A Spoke in the Spanners

A Spoke in the Spanners

Let's get this straight - a disc wheel is NOT the latest technology.  It is the first - a slice off the end of a log started it all, and lives on in the indoor velodrome.  Indoor, because riding one those in the great outdoors is asking for trouble.  Anything other than a direct head or tailwind, and you feel it in the wheel.


But, solid wheels are heavy, so the obvious thing to do is to remove mass from the disc.  Lots of holes, and you have the development of spokes.  Of course, a spoke is a separate piece of the wheel, and with spokes you get a wheel that is made of many pieces - the hub, a rim, and a whole pile of spokes.  Chariot wheels, cartwheels, car wheels, bike wheels.  yet, there are some differences, and it comes down to radial or cross.

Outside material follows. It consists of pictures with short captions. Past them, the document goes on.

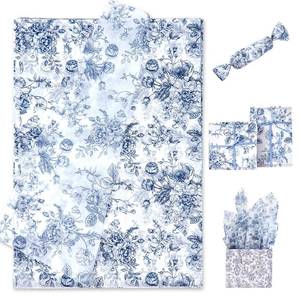 lot 4216 image: 120 Sheets Blue Floral Tissue Paper Chinoiserie Blue White Flowers Wrapping Paper Bulk for Crafts Baby Shower Bouquet Gift Bags Wedding Birthday Party Bridal Shower Decor, 14 x 20 Inch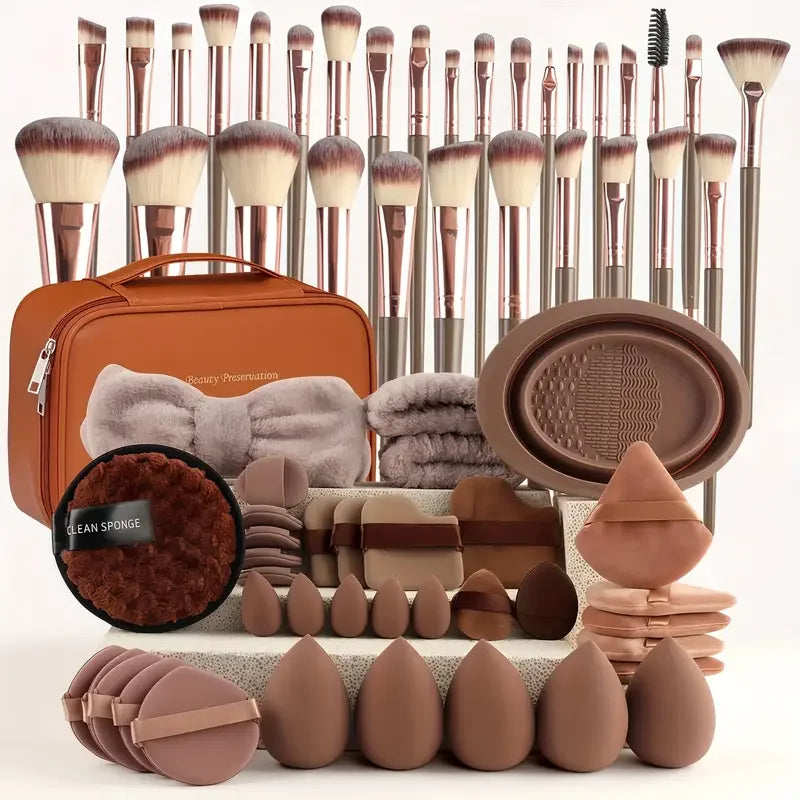 3-20Pcs Premium Makeup Brushes Set Soft Fluffy Beauty Cosmetic Foundation Makeup Brush Eyeshadow Blush Kabuki Make Up Tools - Curl and Collar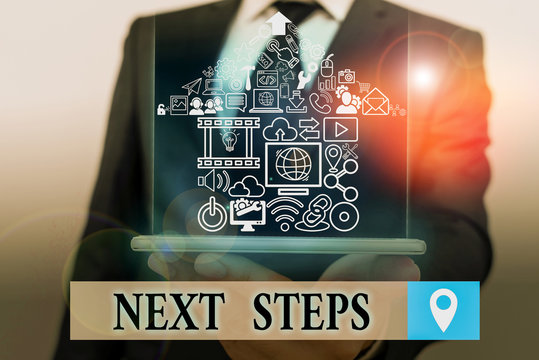 Handwriting text Next Steps. Conceptual photo something you do after you have finished doing first one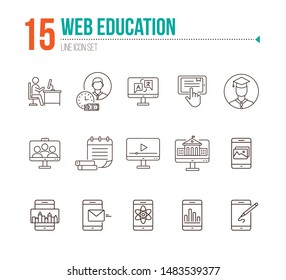 Web education line icon set. Computer, tutorial, lesson. Online course concept. Can be used for topics like knowledge, university, e-learning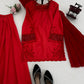 Red Natural Silk Suit Set with Beads Work and Farshi Palazzo for Festive and Wedding Wear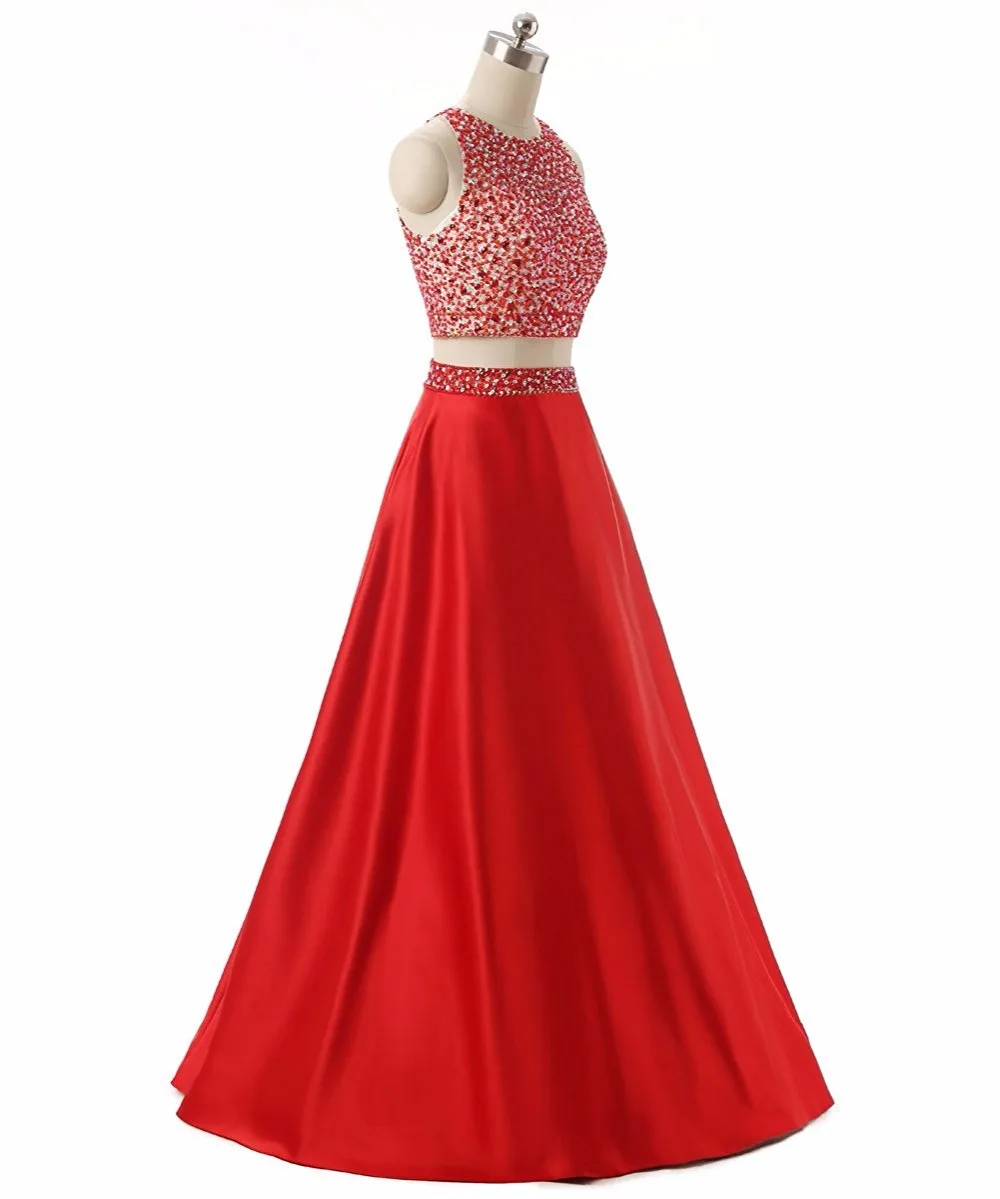 Женское атласное платье двойка Длинный топ с открытой спиной и бисером в пол для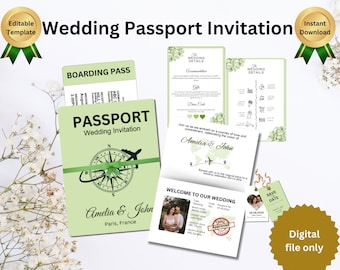Wedding Passport Invitation Template Destination Template Boarding Pass Invitation Wedding Invite Save the date Card Passport Template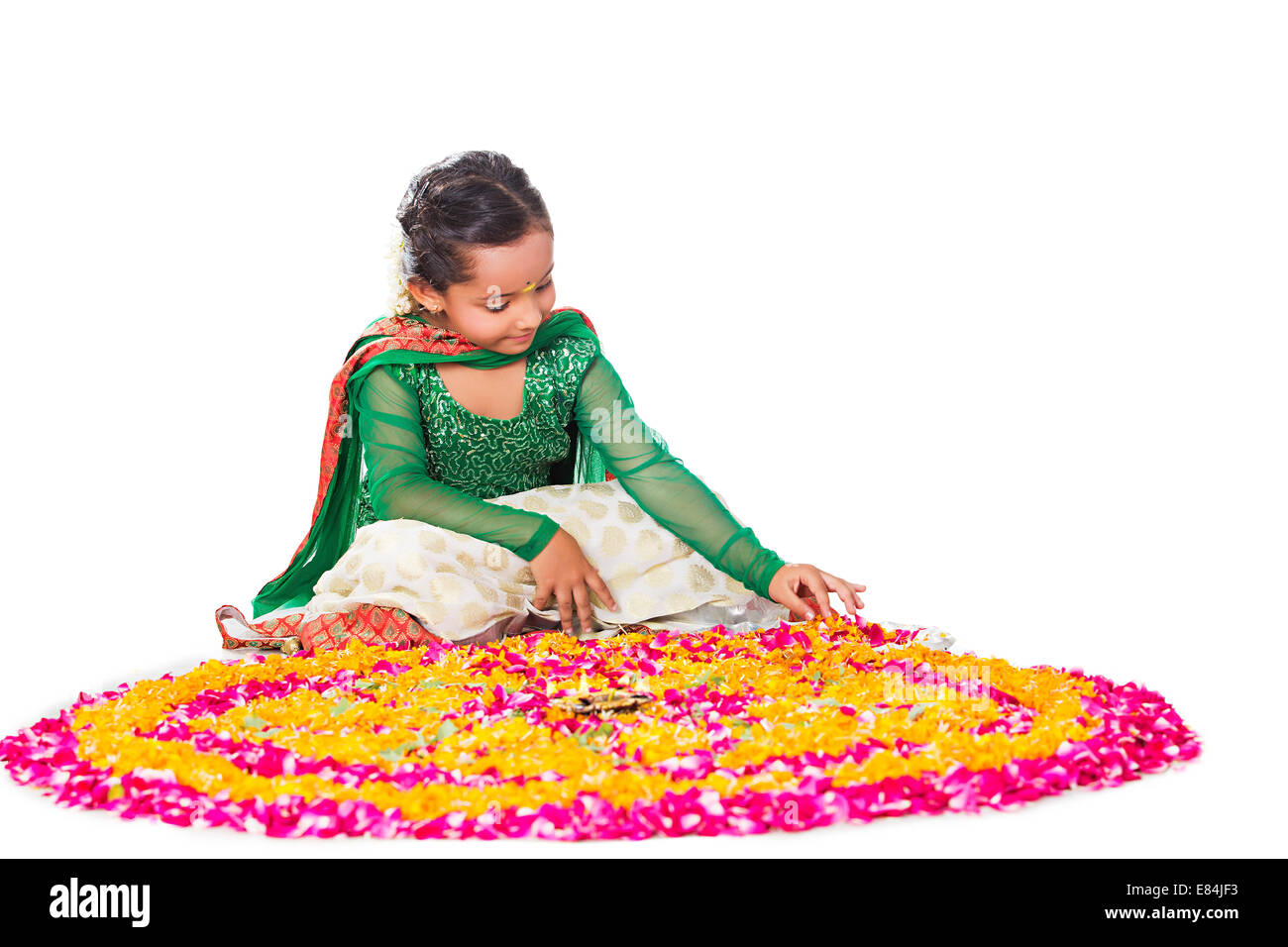 South Indian Rangoli Diwali Festival Stock Photo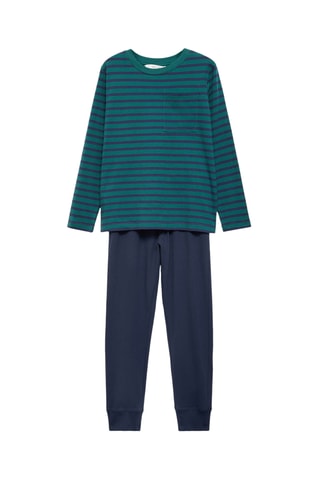 Pyjama long à rayures - Vert
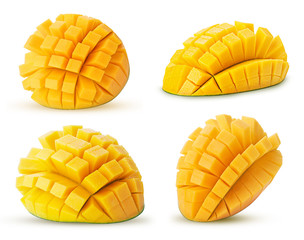 Poster - Set mango exotic friut cut in half cubes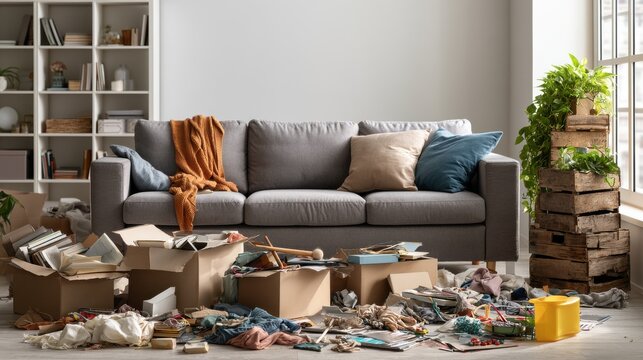 A cluttered living room with moving boxes and discarded items on the floor in front of a sofa. Perfect for concepts of chaos, disorganization, or relocation.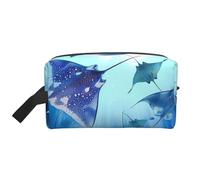 Sea Animals Stingrays Printed Makeup Bag Large Travel Cosmetic Bags Waterproof Cosmetic Case Toiletry Bag Organizer for Women Mom Girls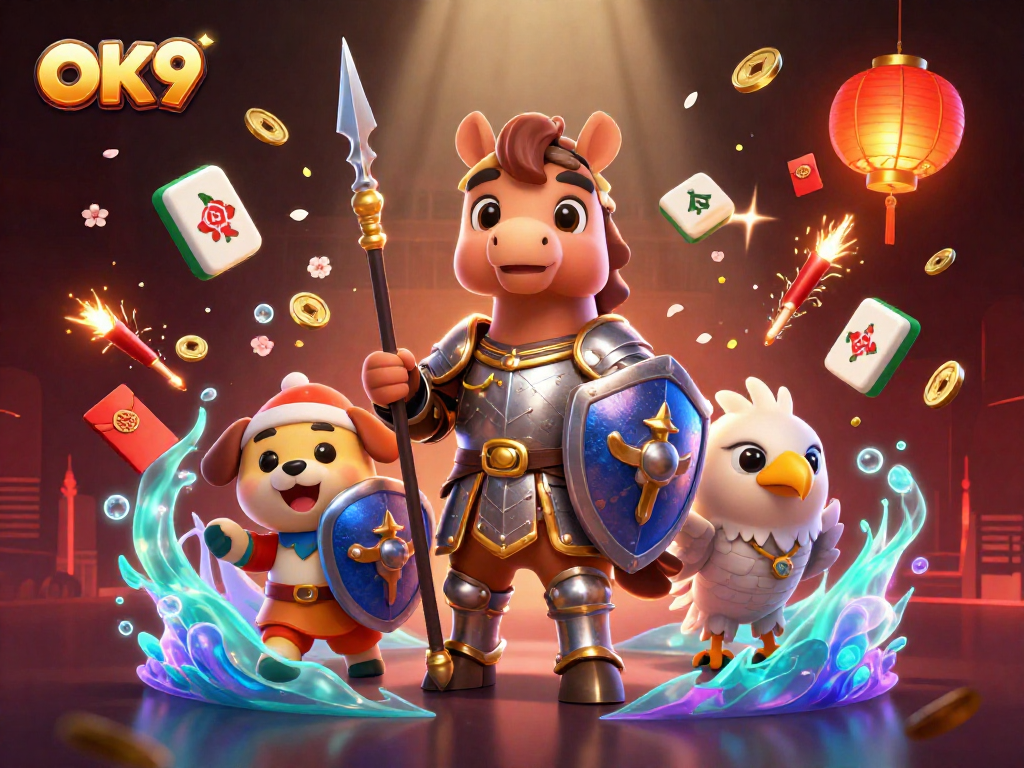Play exciting games at OK9 featuring a knight and a puppy amidst vibrant casino symbols.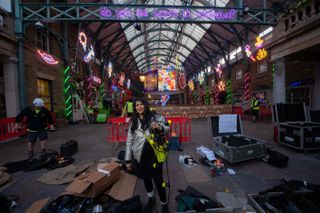 Chila Burman's neon installation,  Do you see words in rainbows, at Covent Garden market.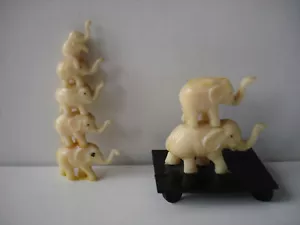 2 Figuras de Elefante Celuloide Vintage Alrededor de 1950 Japón Art Deco Apilables - Imagen 1 de 11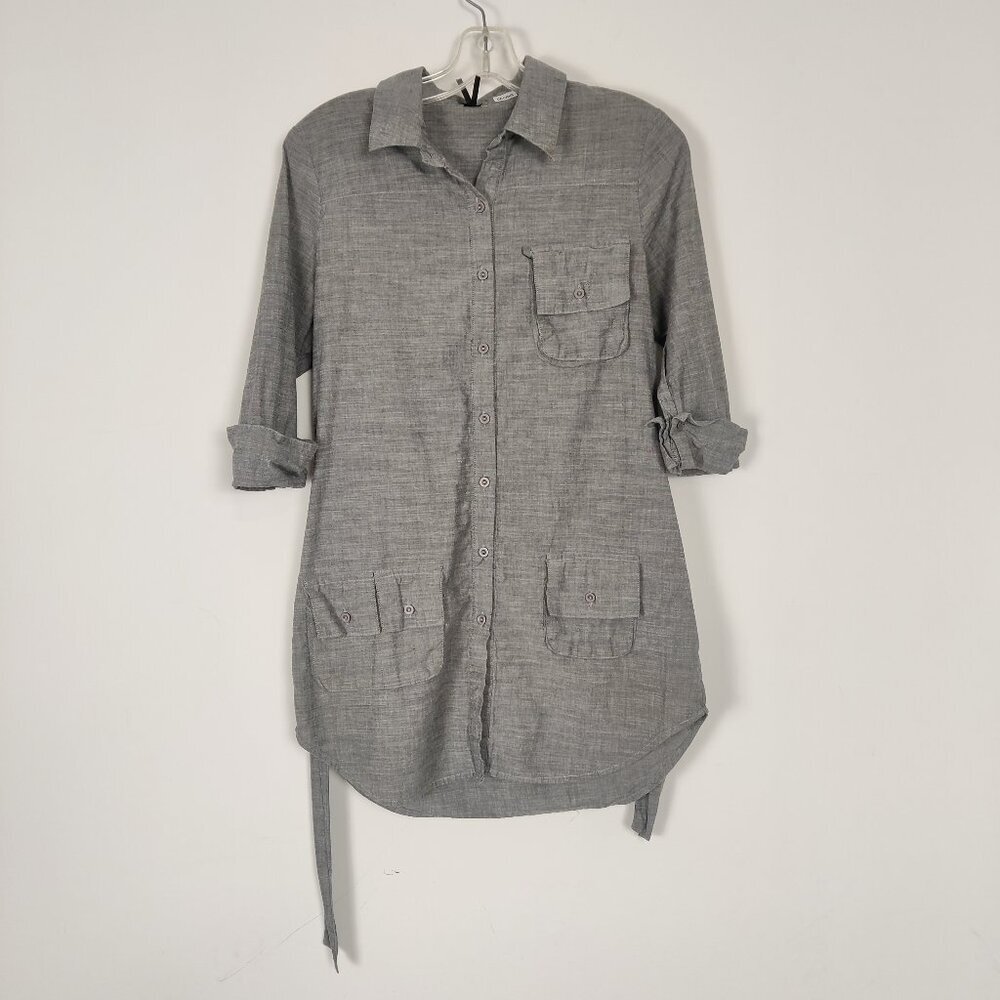 Lapis Women's Cargo Tunic Shirt Size M Gray Cotton Casual Outerwear Elegant Y2K
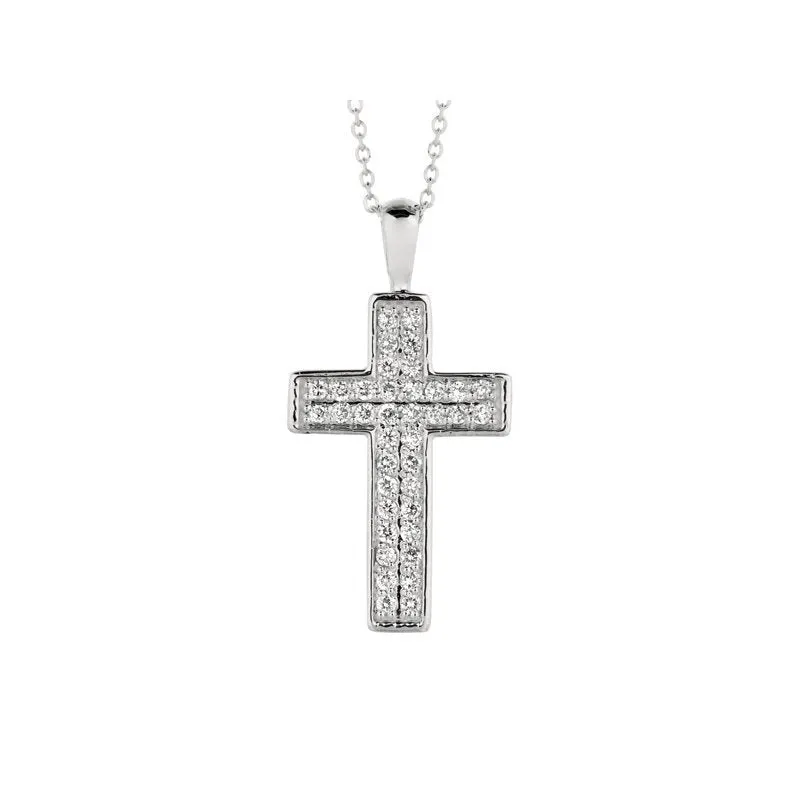 0.35 Carat Natural Diamond Cross Necklace 14K White Gold G SI 18 '' chain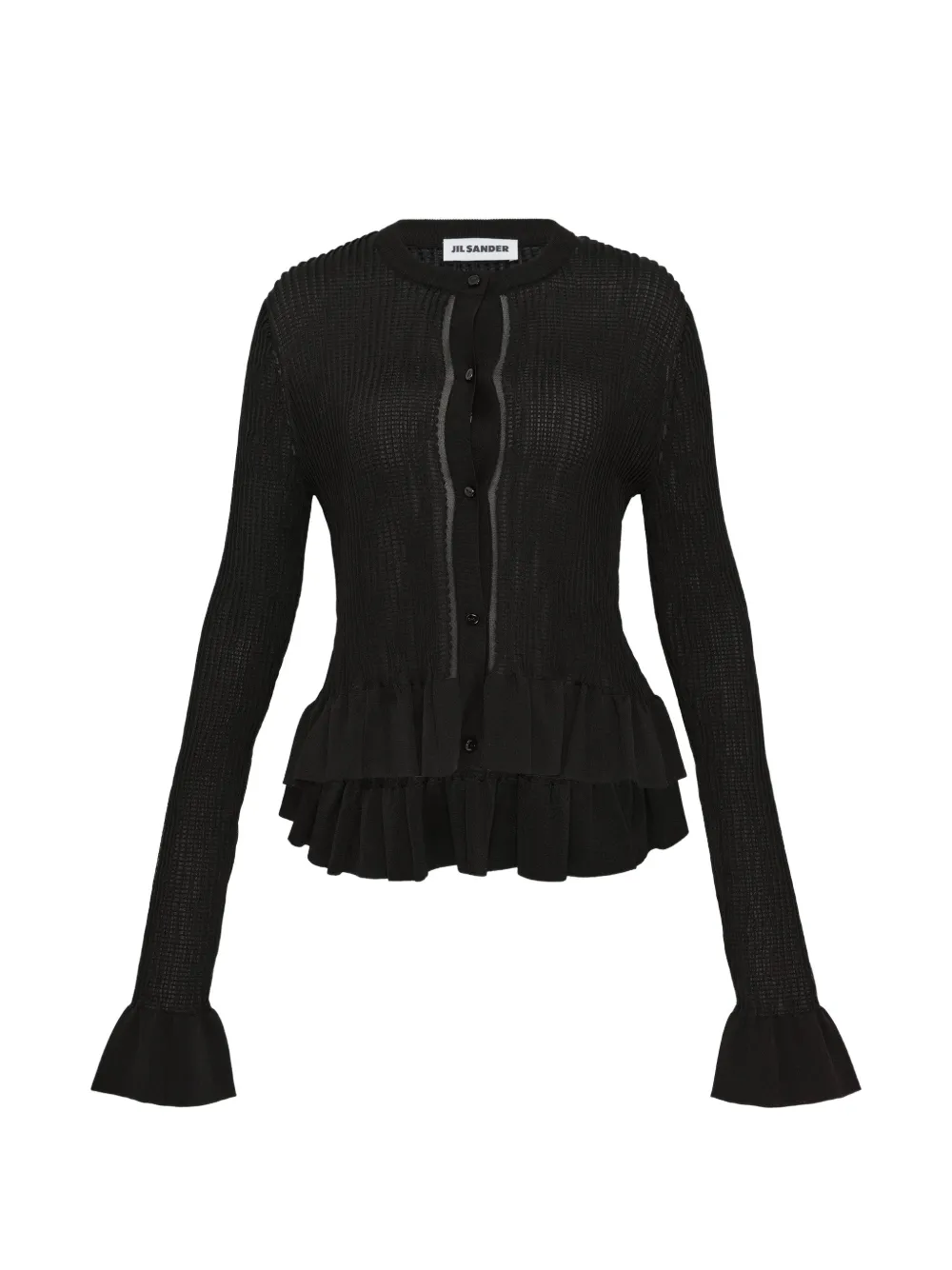 Jil Sander frill cardigan - Nero
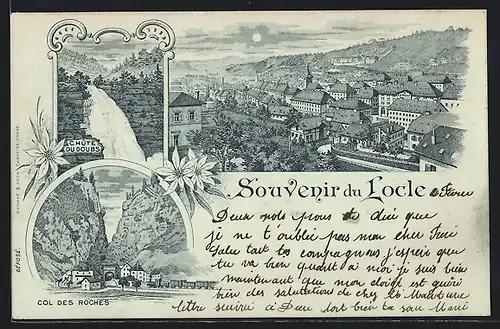Mondschein-Lithographie Locle, Panorama, Col des Roches, Chûte du Doubs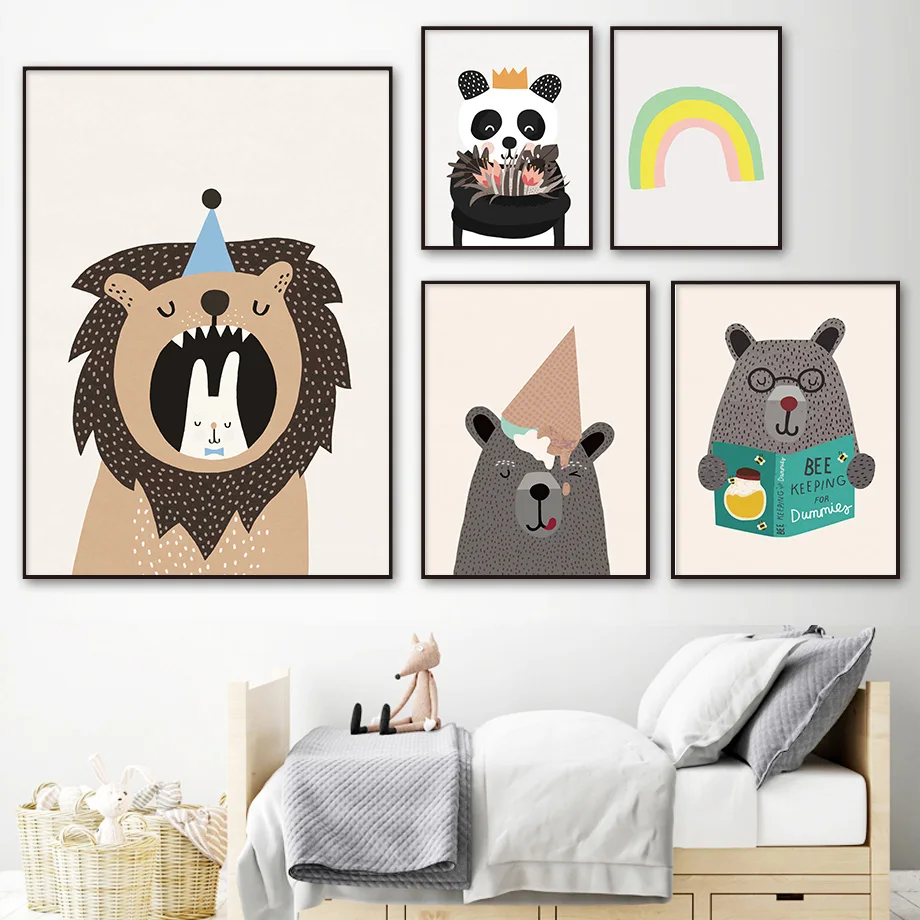 

Cartoon Lion Bunny Bear Panda Nursery Wall Art Canvas Painting Nordic Posters And Prints Wall Pictures For Baby Kids Room Decor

The earliest spoke layout is radial.  Simply, a spoke lies along the line from hub centre to rim.  Cartwheels are radial, as are aero spokes.  As the wheel turns the spoke beneath the hub experiences a compressive force, bending slightly.  This flattens the section of the wheel around the contact point, while the rest of the wheel remains circular.  A radial spoke experiences the entire compressive force unassisted, so the greater the weight of the rider and bike is, the greater the degree of compression and flexion.  This can be reduced by increasing the spoke tension, as it effectively reduces the tension when under load, but the repeated flexion back and forth works to progressively fatigue the metal, with ultimate failure.  So, metal fatigue being what it is, if you can minimise the compressive flexion you can reduce fatigue and extend the life of the spoke.  To minimise flexion, you can either reduce spoke tension, combined downward force, shorten the spoke, or use a cross-over pattern.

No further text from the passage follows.